[Task]: Retype the data below exactly, skipping pictures.

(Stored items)
***

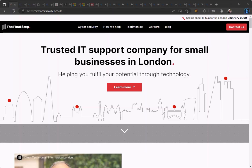Hello and welcome to another bite-sized bulletin video by The Final Step. Today I'm going to show you how to use vertical tabs in Microsoft's Edge browser.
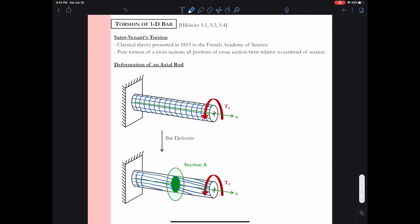Next we want to observe the circular lines. If you go back to the demonstration, you should observe that the circular lines, although they rotate, still remain circular after the applied torque — they still pretty much remain in a circular section. That's our first observation: the circular lines remain circular, but the longitudinal lines are kind of slanted. This slanted longitudinal lines combined with the circular lines leads to the squares — the squares that were initially in our rod now become parallelograms.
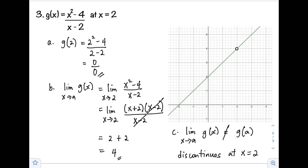Looking at the graph, the function appears as a straight line, but at x equals 2 there is a hole in the graph, making it a broken curve. This validates that the function is discontinuous at x equals 2.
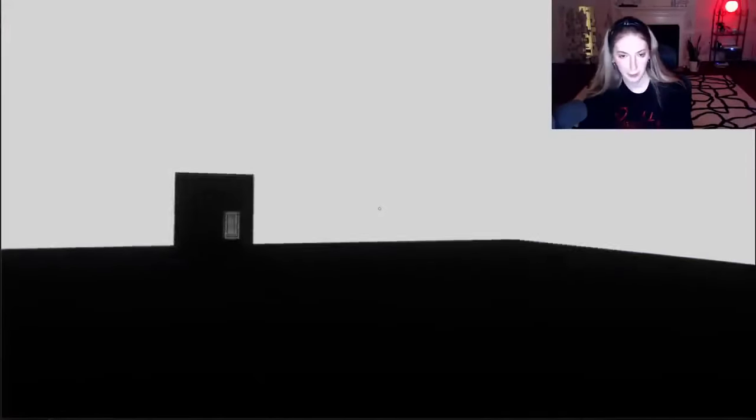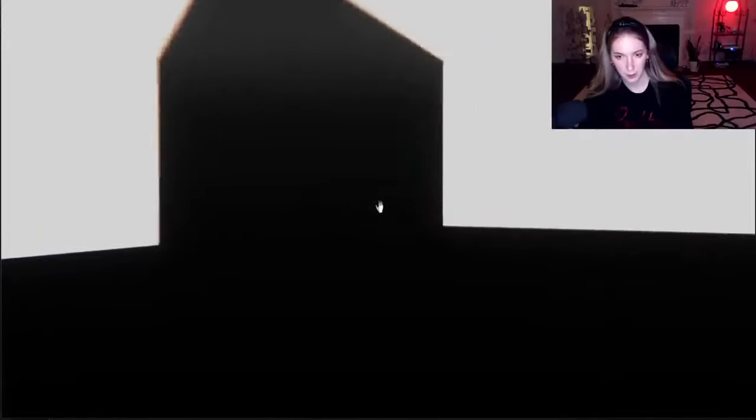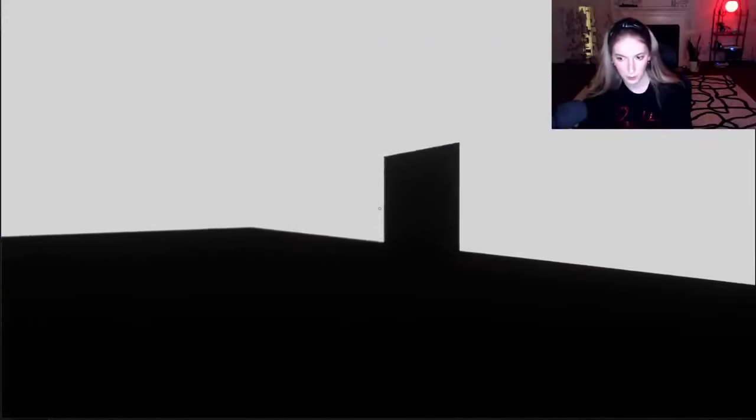This is giving me flashbacks to my earliest liminal memories when I was like 12 years old. And Squidward was alone.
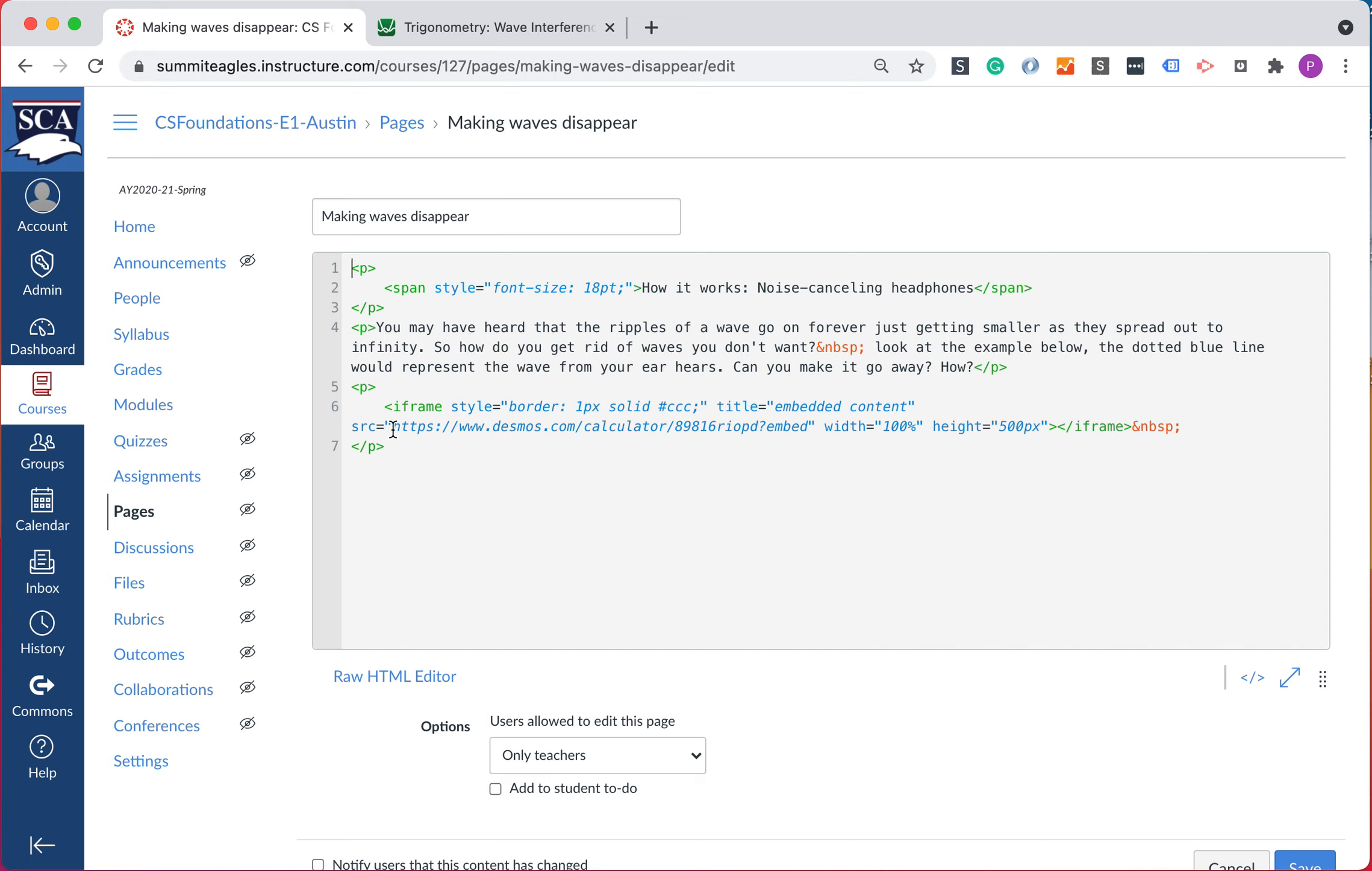But here's one of the important parts. This is what links it straight to the calculator page that you've made. And it's accessible publicly. But at the end of it, it has a question mark in bed.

***

[Answer space]:
Hello and welcome to another bite-sized bulletin video by The Final Step. Today I'm going to show you how to use vertical tabs in Microsoft's Edge browser.
Next we want to observe the circular lines. If you go back to the demonstration, you should observe that the circular lines, although they rotate, still remain circular after the applied torque — they still pretty much remain in a circular section. That's our first observation: the circular lines remain circular, but the longitudinal lines are kind of slanted. This slanted longitudinal lines combined with the circular lines leads to the squares — the squares that were initially in our rod now become parallelograms.
Looking at the graph, the function appears as a straight line, but at x equals 2 there is a hole in the graph, making it a broken curve. This validates that the function is discontinuous at x equals 2.
This is giving me flashbacks to my earliest liminal memories when I was like 12 years old. And Squidward was alone.
But here's one of the important parts. This is what links it straight to the calculator page that you've made. And it's accessible publicly. But at the end of it, it has a question mark in bed.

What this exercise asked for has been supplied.